▶ Data to use:

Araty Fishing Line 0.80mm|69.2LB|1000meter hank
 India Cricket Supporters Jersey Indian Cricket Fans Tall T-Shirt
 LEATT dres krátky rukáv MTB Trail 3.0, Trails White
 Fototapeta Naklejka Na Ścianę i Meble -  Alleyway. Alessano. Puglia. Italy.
...
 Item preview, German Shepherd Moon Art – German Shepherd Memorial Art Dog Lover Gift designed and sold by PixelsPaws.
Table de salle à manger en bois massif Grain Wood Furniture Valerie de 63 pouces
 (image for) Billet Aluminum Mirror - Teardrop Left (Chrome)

▶ What to work on: Return, unchanged, the run of lines above that opens with the line containing "Araty Fishing Line" and closes with the line containing "Fototapeta Naklejka Na". Include both.

▶ Your solution:
Araty Fishing Line 0.80mm|69.2LB|1000meter hank
 India Cricket Supporters Jersey Indian Cricket Fans Tall T-Shirt
 LEATT dres krátky rukáv MTB Trail 3.0, Trails White
 Fototapeta Naklejka Na Ścianę i Meble -  Alleyway. Alessano. Puglia. Italy.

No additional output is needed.